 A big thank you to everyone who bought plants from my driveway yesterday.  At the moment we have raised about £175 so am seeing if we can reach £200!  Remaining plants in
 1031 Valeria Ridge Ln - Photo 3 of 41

==

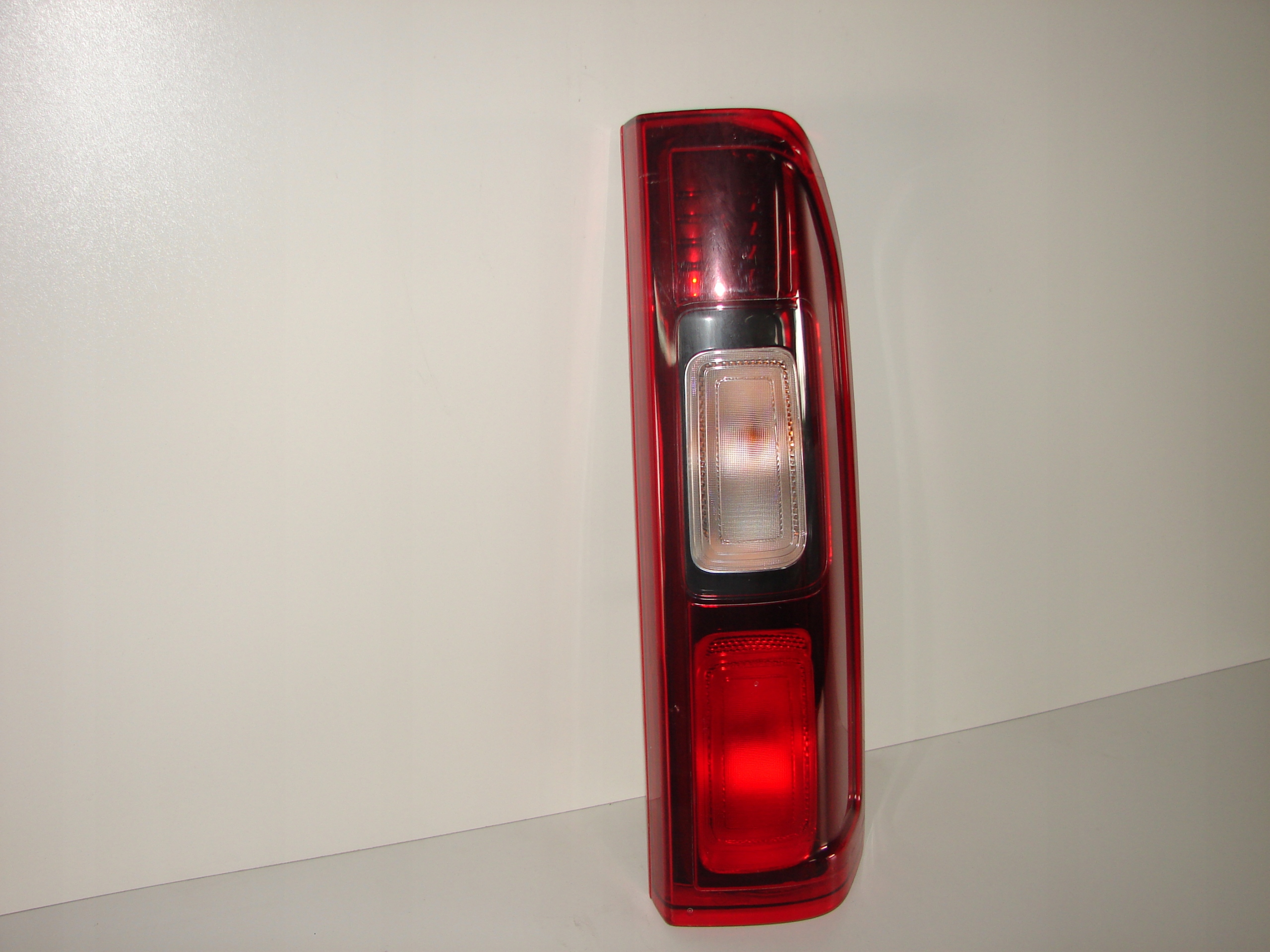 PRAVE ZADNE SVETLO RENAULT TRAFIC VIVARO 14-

• _Task requirements_
Taking the entries above, print exactly the lines starting at the line with "A big thank" and ending at the line with "1031 Valeria Ridge Ln - Photo 3 of 41", both included.

• _Answer box_
 A big thank you to everyone who bought plants from my driveway yesterday.  At the moment we have raised about £175 so am seeing if we can reach £200!  Remaining plants in
 1031 Valeria Ridge Ln - Photo 3 of 41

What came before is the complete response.